> Your goal
Up to and including the line with "So today we'll", restate every line of the records below word for word, from the first line on, leaving out the pictures.

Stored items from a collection
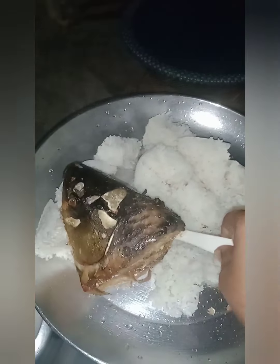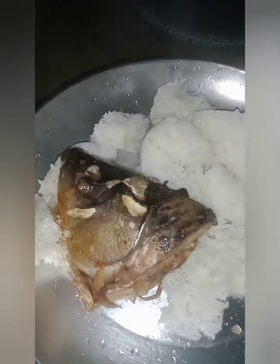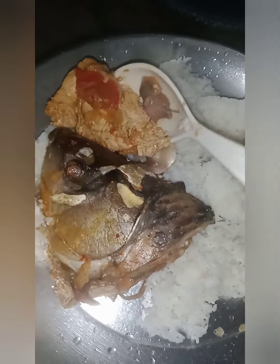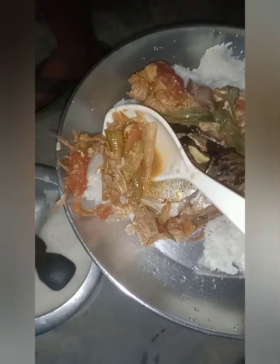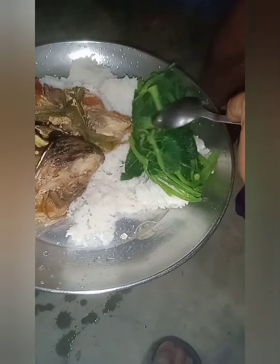Masala mata. Masala anda — my hubby's favorite. Aroh pumpkin leaves.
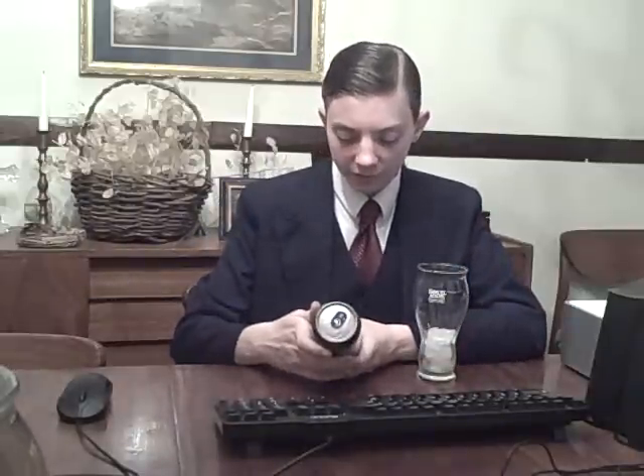So today we'll be reviewing Monster Mixed, an Energy Juice. Another one — I know we've done M80, I believe, and Rehab Chaos. Those are two juice ones, so this is another one.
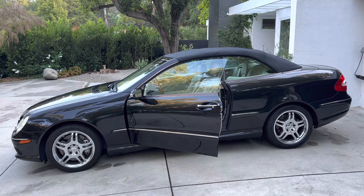Hey everyone, this is a 2004 Mercedes-Benz CLK 500. It's a convertible and I'm going to demonstrate for you how it opens and closes. Have a look.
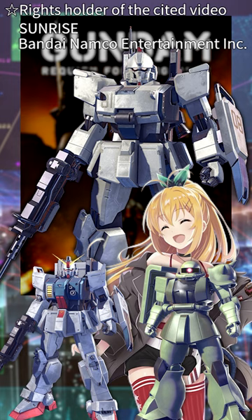With so many Gundam works being released, I'm having a lot of fun.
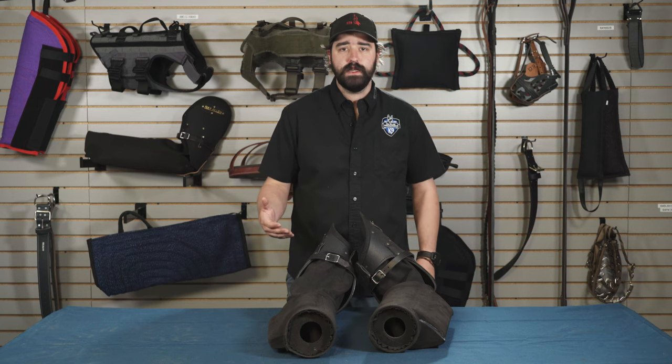Hey guys, this is Matt Wilson with Ray Island Manufacturing and today we're going to talk about our compression bite bar sleeves, our BT50 and our 9601.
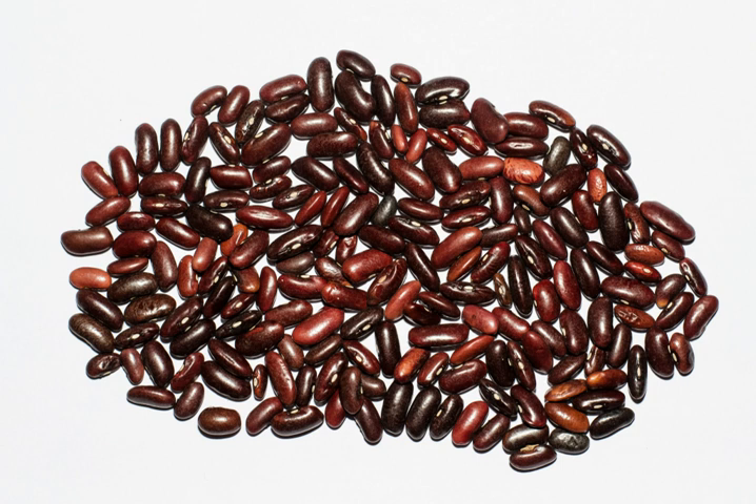Red kidney beans are commonly used in chili con carne and are an integral part of the cuisine in northern regions of India, where the beans are known as rajma and are used in a dish of the same name. Red kidney beans are used in New Orleans and much of southern Louisiana for the classic Monday creole dish of red beans and rice.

> Answer
Masala mata. Masala anda — my hubby's favorite. Aroh pumpkin leaves.
So today we'll be reviewing Monster Mixed, an Energy Juice. Another one — I know we've done M80, I believe, and Rehab Chaos. Those are two juice ones, so this is another one.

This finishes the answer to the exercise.